Последний тезис особенно примечателен. Традиционный русский патриотизм стал идеологическим консерватизмом, на мой взгляд, ровно в тот момент, когда понял, что в традиционной для него критике западничества у него есть мощный союзник на самом Западе. Даже не просто союзник, а колоссальная традиция, которую можно освоить и присвоить (раз уж в самой Европе она оказалась изгоем). Этот поворот от национал-патриотизма 1990-х, политически неудачливого и концептуально анахроничного, к интеллектуально-идеологическому консерватизму произошел в публицистике и интеллектуальной журналистике начала 2000-х годов. Основные фигуры, маркирующие этот поворот, уже названы. Это все тот же Александр Дугин с его евразийской группой, это группа Консервативного пресс-клуба и отчасти группа Серафимовского клуба. Но речь, безусловно, должна идти не об отдельных фигурах, а об определенной среде, которая, так или иначе, связывает между собой академических философов и идеологов, редакторов научных и политических изданий, писателей, многочисленных экспертов и журналистов.
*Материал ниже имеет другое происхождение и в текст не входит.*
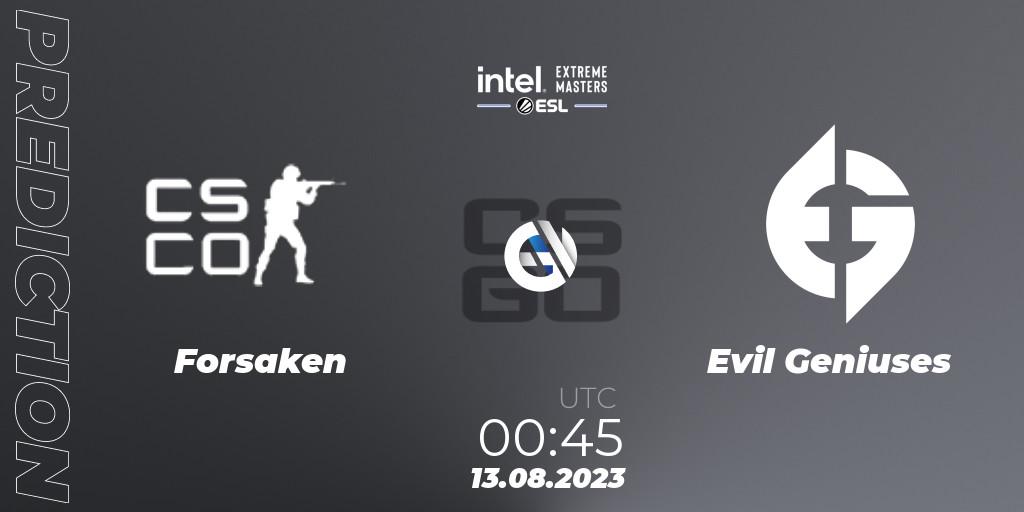 Pronóstico Forsaken - Evil Geniuses. 13.08.2023 at 01:00, Counter-Strike (CS2), IEM Sydney 2023 North America Open Qualifier 2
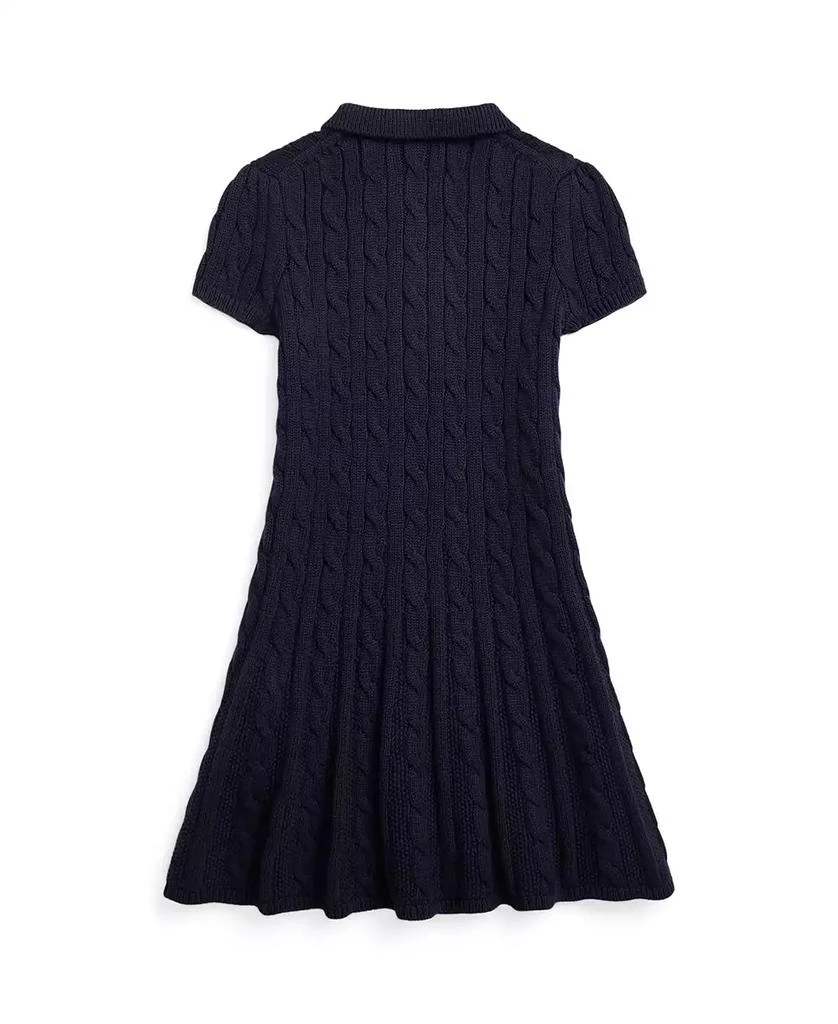 Polo Ralph Lauren Toddler and Little Girls Cable-Knit Cotton Polo Sweater Dress - RL Navy W/ Prch Cream - Size 5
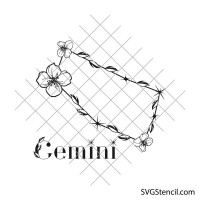 Gemini zodiac sign svg | Сonstellation with flowers svg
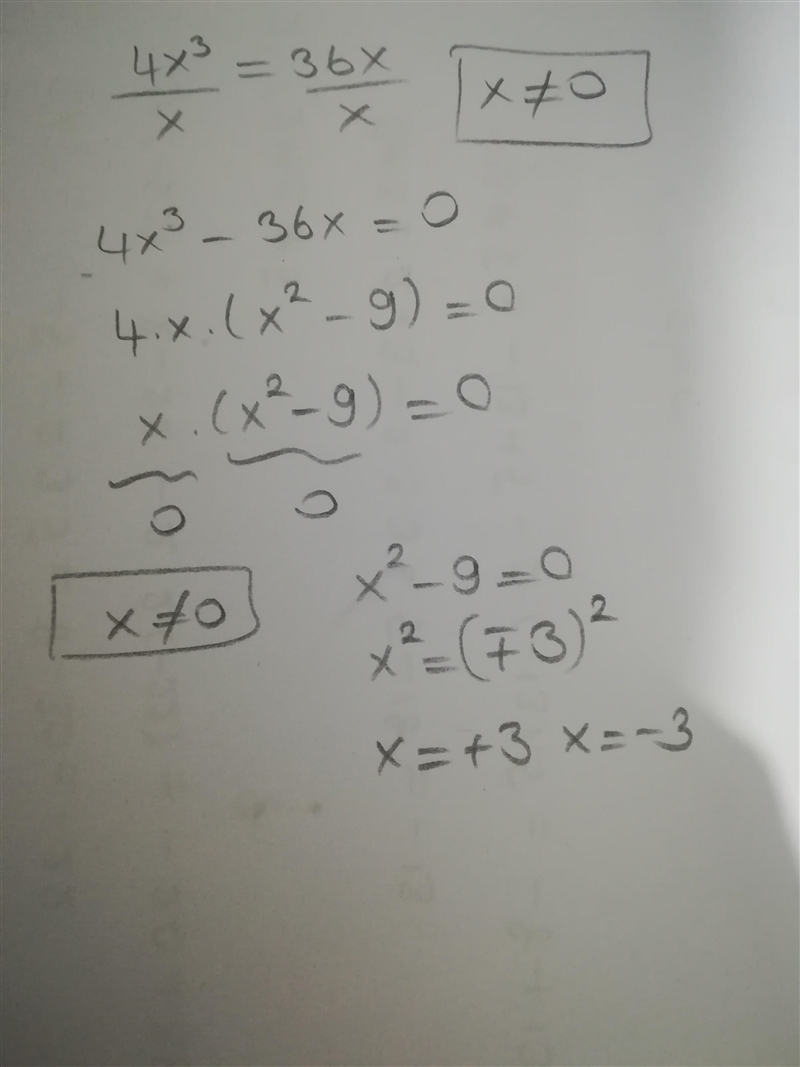 What are the solutions to the equation? 4x^3=36x​-example-1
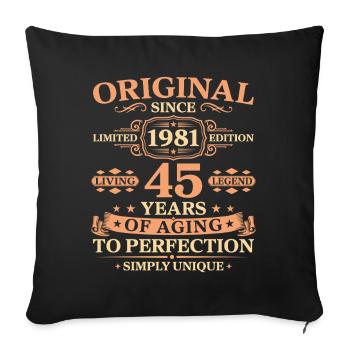 Original since 1981 Birthday 45 Years - Sofakissenbezug 45 x 45 cm - Schwarz - Vorne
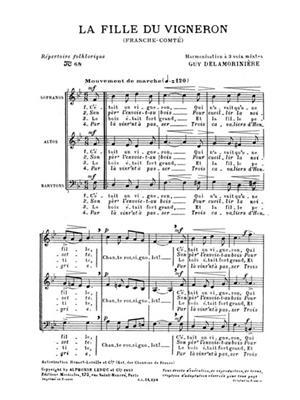 Guy Delamorinière: Repertoire Folklorique No68 La Fille Du Vigneron: Gemischter Chor mit Begleitung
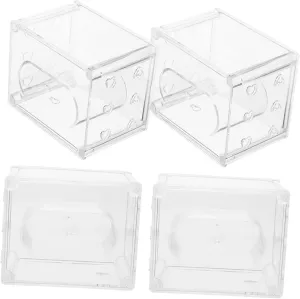 for Men Women Watches Storage Case 4pcs Transparent Watch Box Stylish Jewelry citation Organizer for Home Travel 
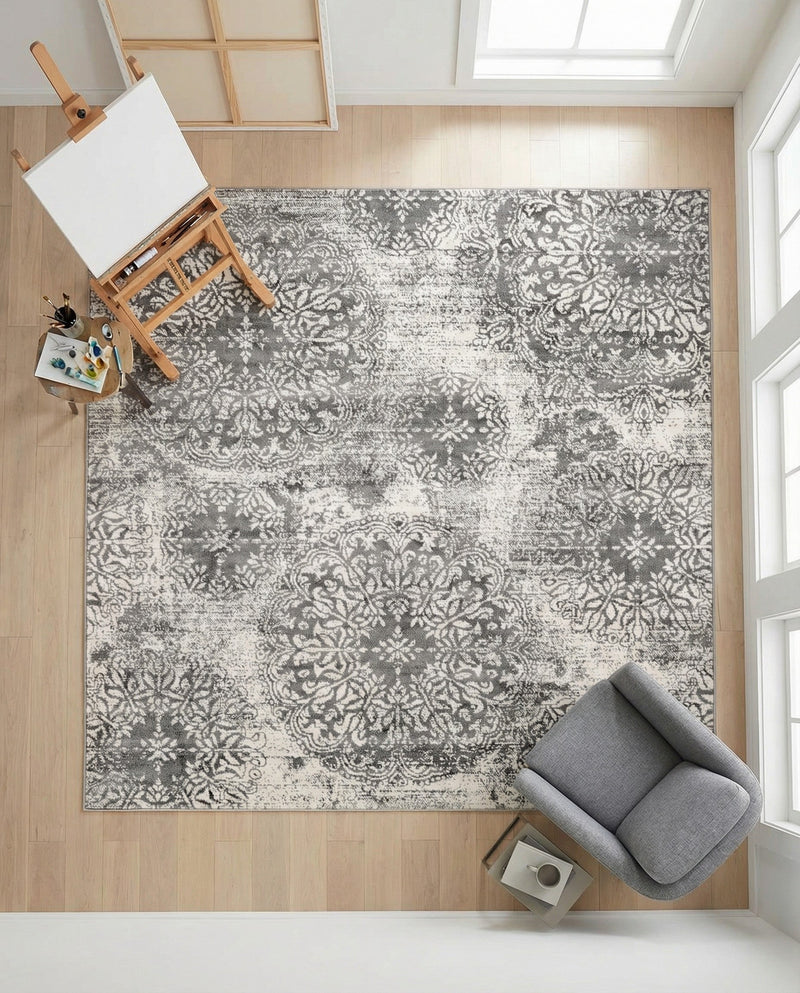 Riviera Elegance Collection Area Rug -  Monaco (Gray) Square Gray  lifestyle 76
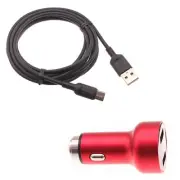 For Galaxy S20/Plus/Ultra 24W Fast Car Charger 2-Port 6ft USB-C Cable DC Socket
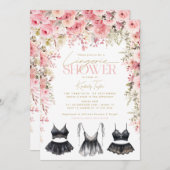 ランジェリー ピンク フローラル ブライダルシャワー 招待状 (正面/裏面)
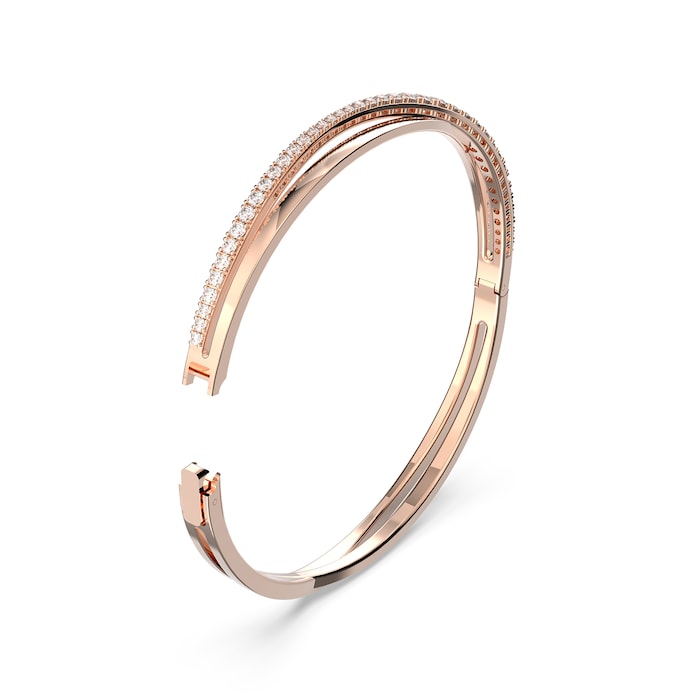 SWAROVSKI Rose Gold Coloured Twist Pave Cubic Zirconia Bangle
Характеризуя эту среду, автор либерального "Еженедельного журнала" делает точное наблюдение: "Хотя внутри неоконсерватизма существуют весьма серьезные разногласия, вместе они делают одно дело — речь идет о кардинальной смене повестки дня и приоритетов… Новые консерваторы наступают по всему фронту: благодаря своему внутривидовому многообразию они претендуют сразу на все — и на роль партии власти, и на роль ее оппозиции. Фактически новый консерватизм не нуждается в оппонентах, консерваторы готовы спорить друг с другом, старые либералы им уже не интересны, в новой России для них места все равно не будет. По сути, вводятся новые правила приличий для политической сферы. То есть если ты, скажем, равнодушен к вопросам веры или выступаешь за контрактную армию — ты маргинал, ни один приличный человек за стол переговоров с тобой не сядет. А спорить можно, например, о том, как лучше защищать права русских, ведь здесь масса возможностей для аргументированной полемики".

Будучи гибко или, я бы даже сказал, слабо институционализированным, это неоконсервативное движение имеет действительно много поводов к внутреннему дроблению — и интеллектуальных, и политических. До сей поры его связывала описанная критическая миссия, перерастающая в проект по смене идейной повестки дня. То есть в большей степени вектор атаки и попытка совместно выйти из гетто вынужденной маргинальности, нежели позитивные принципы. На данный момент "маргинальность", как пишет тот же автор ЕЖ, изжита и преодолена, а деконструкция и распад "либерального мейнстрима" зашли достаточно далеко (именно в интеллектуальном, пока, увы, не в политическом смысле), чтобы сопротивление ему перестало быть объединяющей рамкой. Текущий этап развития идеологического консерватизма в России — это консолидация ядра, кристаллизация объединяющих принципов и целей.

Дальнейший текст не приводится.